Jun Bei Liu believes that valuations are too high for some tech and AI-related stocks, but expects companies like NextDC and Goodman Group, AI data center owners, to earn strong profits next year, supporting their share prices. Looking ahead to 2026, Ms. Liu expects resources stocks, particularly copper and gold, to continue performing well. She also predicts that airlines will do better due to reasonably low oil prices, and that some "oversold" tech companies could make a comeback. Ms. Liu expects the share market to deliver a return of between 8 and 10% next year, with volatility still expected due to the ongoing uncertainty surrounding China and US tariffs.

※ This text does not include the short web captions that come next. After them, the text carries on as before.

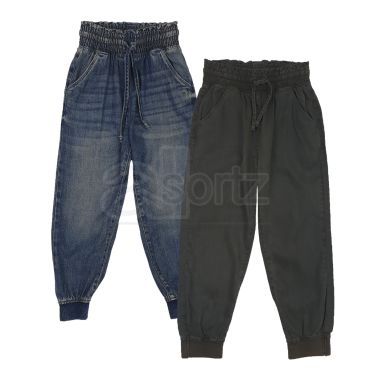 Girls Blue or Dark Grey Khaki Cuff Joggers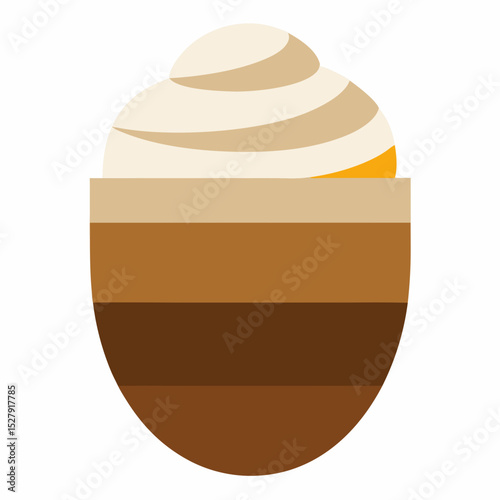 Layered coffee drink with whipped cream topping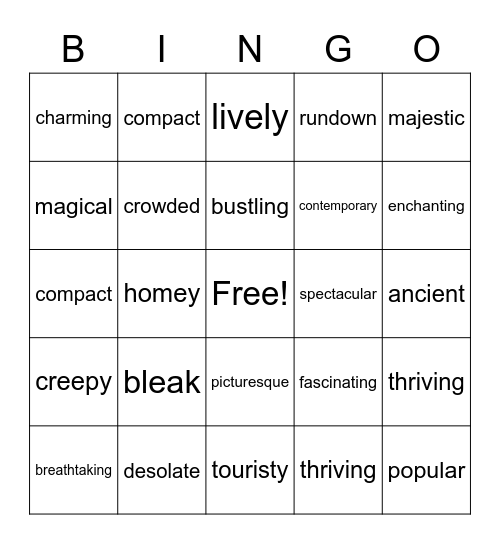 Adjectives for Places Bingo Card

Gemma Dale believes that Trump's influence on markets will be significantly reduced in 2026. She argues that markets no longer believe his dramatic announcements, seeing them as negotiating tactics rather than credible threats. As a result, the market is more relaxed, expecting Trump to back down. Overall, 2026 is expected to be a solid, albeit boring, year with major sectors holding up well, but without sensational levels of growth.